Понятно, что принесет он им этих еврейских яблок и меда. Жалованье недавно было, можно на рынок сходить. Подарок ей будет. Последний, потому что к зиме гетто ликвидируют. И Вадик никак не мог понять, что же он будет делать, если ему прикажут выстрелить в Аню. Поэтому он старался об этом не думать. Анечку было очень жалко, но кто ж виноват, что она родилась еврейкой? И какая же она стала страшная… А все равно красивая. Вот так. И страшная, и красивая. И жить ей от силы месяц. Так что пусть побалуется сладким. Тут Вадику стало жалко и себя тоже, от того, что таким он оказался благородным и добрым.
Пол-литровая банка меда и десяток яблок были сметены так быстро, что раввин Лазник не успел дочитать все положенные молитвы. Ну да Бог простит, подумал он. Доброе дело оно завсегда доброе, Всевышний все видит, и, может, кому-то из этих ребят повезет и они выживут. Потому что надеяться на Бога надо даже тогда, когда кажется, что нет никакой надежды, Создатель неоднократно являл чудеса, надо только верить.
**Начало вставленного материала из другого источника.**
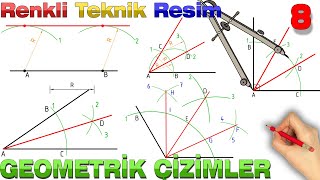 Geometrik Çizimler Uygulama Yaprakları8 Çözüm Renkli Teknik Resim [upl. by Jermaine168]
А меня спасать не надо, думал раввин Лазник, я свое пожил, жил хорошо, грех жаловаться. Даже при большевиках грех было жаловаться. Даже в страшное и кровавое время Гражданской, со всеми ее петлюровцами, деникинцами, махновцами, григорьевцами, буденовцами и котовцами, которые почему-то все как один норовили устраивать погромы. Ну разве не чудо, что и он, и вся его семья остались живы? Чудо. Разве не чудо, что большевики, которые снесли церковь, не тронули синагогу? Чудо. Разве не чудо, что его не погнали в Соловки, не отправили на Колыму, не пустили пулю из нагана в затылок? Конечно, чудо.
Так что надо верить. Вон они какие славные, эти еврейские дети. Если бы им выпала другая судьба, то он был бы счастливейшим из людей. Но он и так счастлив. Да, все, что происходит сейчас, — такая же кара Всевышнего, да будет благословенно Его имя, как и то, что творили украинцы Хмельницкого три века назад, — кара за грехи, за отход от традиций предков, за то, что перестали ходить в синагогу даже в Судный День, перестали обрезать мальчиков на восьмые сутки и делать бар-мицву на тринадцатый год. Поэтому и сопротивляться было бесполезно — какой смысл сопротивляться Его воле? Раз Он решил истребить нас всех по корень, то кто ж сможет изменить предначертанное!